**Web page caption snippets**
• • •
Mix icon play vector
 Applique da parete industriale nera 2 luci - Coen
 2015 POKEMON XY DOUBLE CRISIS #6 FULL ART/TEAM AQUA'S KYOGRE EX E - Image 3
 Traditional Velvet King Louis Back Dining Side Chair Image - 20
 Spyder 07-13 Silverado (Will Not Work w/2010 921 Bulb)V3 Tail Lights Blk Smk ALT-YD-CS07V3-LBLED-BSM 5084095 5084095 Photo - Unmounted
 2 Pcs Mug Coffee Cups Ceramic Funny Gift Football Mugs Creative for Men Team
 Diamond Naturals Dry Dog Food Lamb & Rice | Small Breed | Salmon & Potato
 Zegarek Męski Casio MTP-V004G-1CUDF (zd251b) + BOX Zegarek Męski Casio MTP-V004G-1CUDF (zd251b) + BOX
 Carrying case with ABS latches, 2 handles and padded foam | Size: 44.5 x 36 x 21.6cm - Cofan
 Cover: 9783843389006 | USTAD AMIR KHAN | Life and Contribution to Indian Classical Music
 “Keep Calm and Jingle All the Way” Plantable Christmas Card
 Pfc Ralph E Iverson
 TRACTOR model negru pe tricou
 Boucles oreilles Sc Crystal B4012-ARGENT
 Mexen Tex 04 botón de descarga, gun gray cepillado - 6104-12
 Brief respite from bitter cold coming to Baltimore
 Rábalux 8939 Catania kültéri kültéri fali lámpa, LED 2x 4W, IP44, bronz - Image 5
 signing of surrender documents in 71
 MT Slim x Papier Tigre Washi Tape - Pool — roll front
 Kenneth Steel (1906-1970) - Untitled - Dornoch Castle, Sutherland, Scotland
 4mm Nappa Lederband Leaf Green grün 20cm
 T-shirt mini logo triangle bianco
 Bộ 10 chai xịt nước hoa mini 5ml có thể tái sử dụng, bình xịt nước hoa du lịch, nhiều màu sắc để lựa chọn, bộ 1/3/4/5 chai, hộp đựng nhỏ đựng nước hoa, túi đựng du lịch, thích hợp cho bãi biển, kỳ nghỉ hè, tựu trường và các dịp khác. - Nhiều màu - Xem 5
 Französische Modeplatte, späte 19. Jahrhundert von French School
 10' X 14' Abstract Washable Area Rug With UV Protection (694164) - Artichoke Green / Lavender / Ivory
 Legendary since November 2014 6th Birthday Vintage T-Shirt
• • •
**EXERCISE DIRECTIONS**
Write out only the lines from the very start of the entries above to the line that includes "T-shirt mini logo triangle bianco", both ends included, each one unchanged.

**RESPONSE FOR THIS EXERCISE**
Mix icon play vector
 Applique da parete industriale nera 2 luci - Coen
 2015 POKEMON XY DOUBLE CRISIS #6 FULL ART/TEAM AQUA'S KYOGRE EX E - Image 3
 Traditional Velvet King Louis Back Dining Side Chair Image - 20
 Spyder 07-13 Silverado (Will Not Work w/2010 921 Bulb)V3 Tail Lights Blk Smk ALT-YD-CS07V3-LBLED-BSM 5084095 5084095 Photo - Unmounted
 2 Pcs Mug Coffee Cups Ceramic Funny Gift Football Mugs Creative for Men Team
 Diamond Naturals Dry Dog Food Lamb & Rice | Small Breed | Salmon & Potato
 Zegarek Męski Casio MTP-V004G-1CUDF (zd251b) + BOX Zegarek Męski Casio MTP-V004G-1CUDF (zd251b) + BOX
 Carrying case with ABS latches, 2 handles and padded foam | Size: 44.5 x 36 x 21.6cm - Cofan
 Cover: 9783843389006 | USTAD AMIR KHAN | Life and Contribution to Indian Classical Music
 “Keep Calm and Jingle All the Way” Plantable Christmas Card
 Pfc Ralph E Iverson
 TRACTOR model negru pe tricou
 Boucles oreilles Sc Crystal B4012-ARGENT
 Mexen Tex 04 botón de descarga, gun gray cepillado - 6104-12
 Brief respite from bitter cold coming to Baltimore
 Rábalux 8939 Catania kültéri kültéri fali lámpa, LED 2x 4W, IP44, bronz - Image 5
 signing of surrender documents in 71
 MT Slim x Papier Tigre Washi Tape - Pool — roll front
 Kenneth Steel (1906-1970) - Untitled - Dornoch Castle, Sutherland, Scotland
 4mm Nappa Lederband Leaf Green grün 20cm
 T-shirt mini logo triangle bianco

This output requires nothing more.